## Aim of the task:
Leaving the pictures aside, repeat every line below exactly.

## Dataset section:
------------

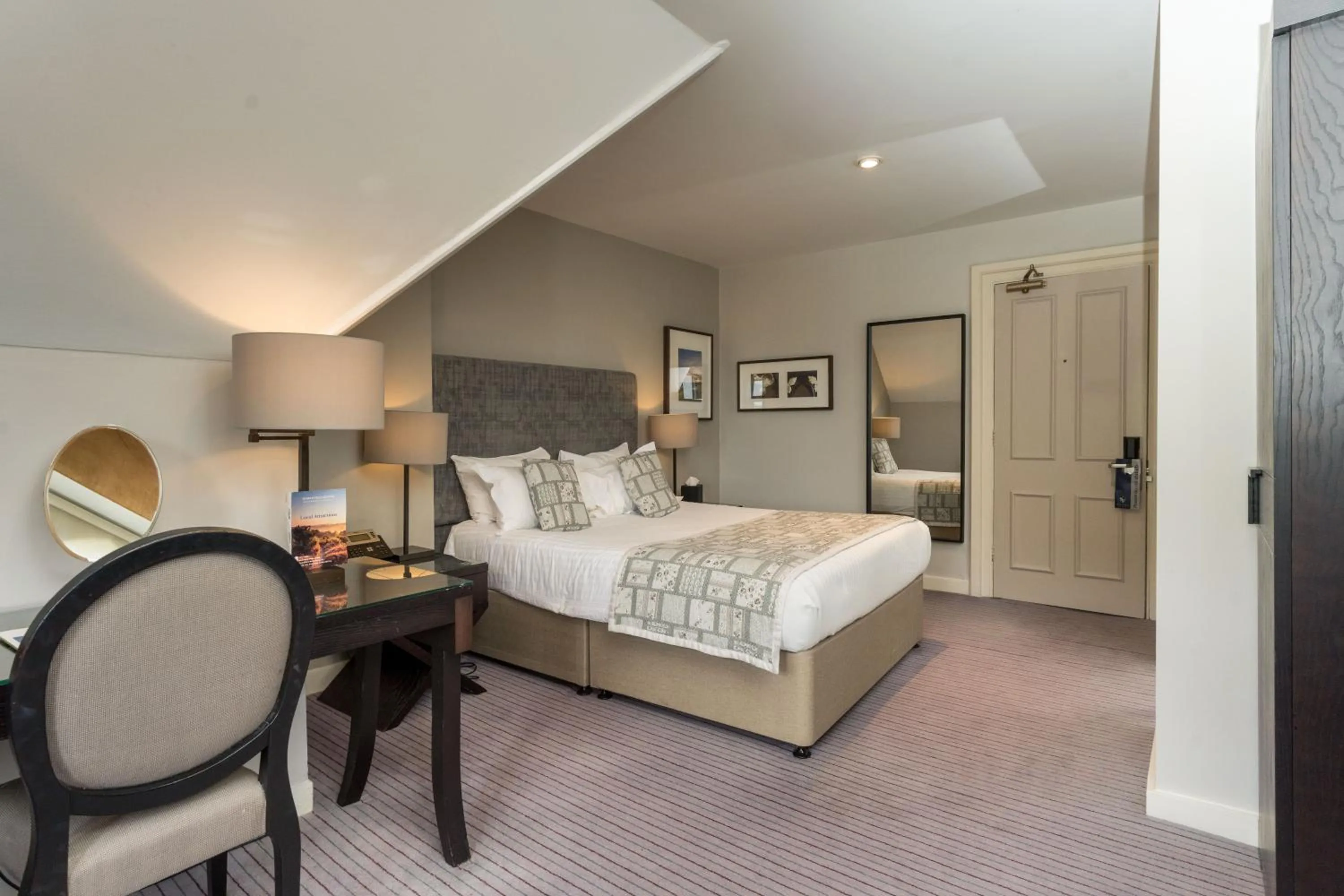 Property building, Bed in Hartsfield Manor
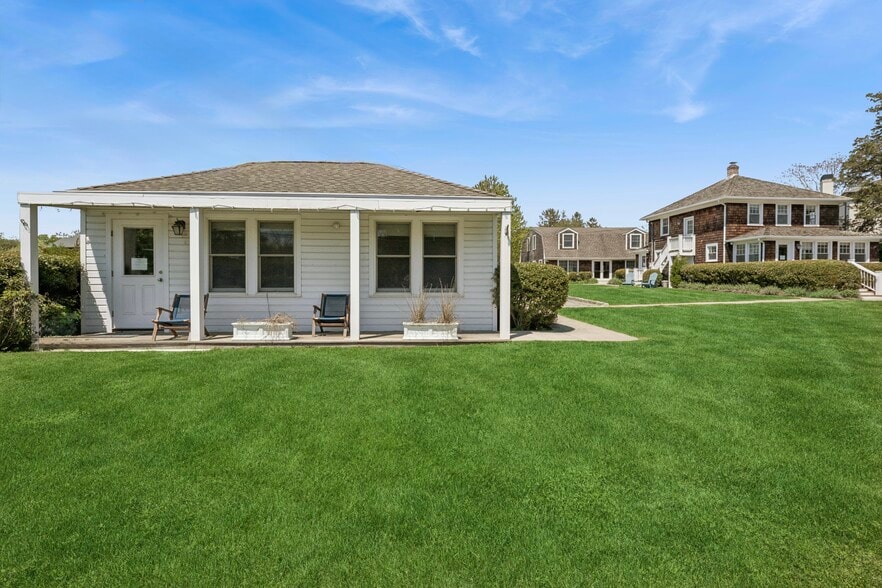 103 Hayground Rd, Water Mill, NY for lease - Building Photo - Image 1 of 31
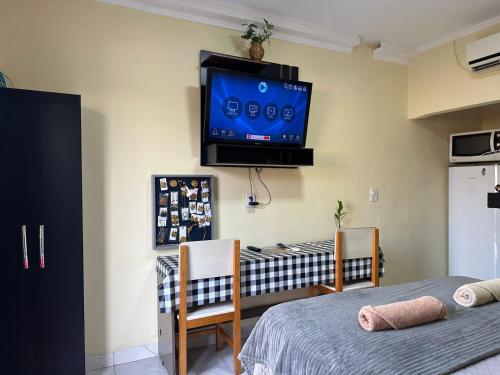 TV a/nebo společenská místnost v ubytování Capim de ouro Quartos Mobiliados a minutos do aeroporto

------------

## Answer box:
 Property building, Bed in Hartsfield Manor
 103 Hayground Rd, Water Mill, NY for lease - Building Photo - Image 1 of 31
 TV a/nebo společenská místnost v ubytování Capim de ouro Quartos Mobiliados a minutos do aeroporto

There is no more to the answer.